Cosme, portrayed by Mark Anders, narrates the play and struggles with the issues of the market value, popularity and ultimate worth of art. The music he writes is ignored while the truly terrible singing of Flo is acclaimed. He wonders at her confidence: does she hear something different in her head than what comes out of her lips, does she know how she sounds and capitalizes on it, is she the ultimate trickster or mad naïf?

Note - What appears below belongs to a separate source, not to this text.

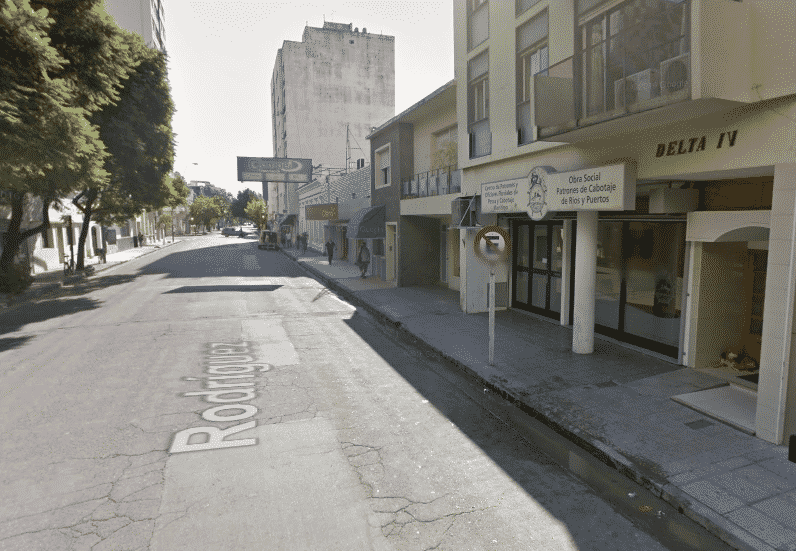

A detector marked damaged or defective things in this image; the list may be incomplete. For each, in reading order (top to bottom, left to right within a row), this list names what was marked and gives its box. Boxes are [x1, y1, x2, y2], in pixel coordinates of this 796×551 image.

As an author, I attend many writers’ conferences, and I always love to hear other authors tell their personal stories. Often, you hear an underlying shadow of self-criticism of their work. Large doses of courage are required to send you heart and soul out into a critical and rejecting world. Writers agonize: am I good enough, should I keep trying? Apparently, Flo didn’t agonize. She had no talent, but she did her thing and was successful anyway. I can think of several extremely popular writers who I believe fit into the same category.

Joe Adcock says in his Seattle Post-Intelligence review that laughing at Jenkins is like laughing at the disabled, but I disagree. The disabled don’t choose their situation; Florence Foster Jenkins chose, for whatever reasons, to perform. When we choose to perform, we invite the reaction of our audience.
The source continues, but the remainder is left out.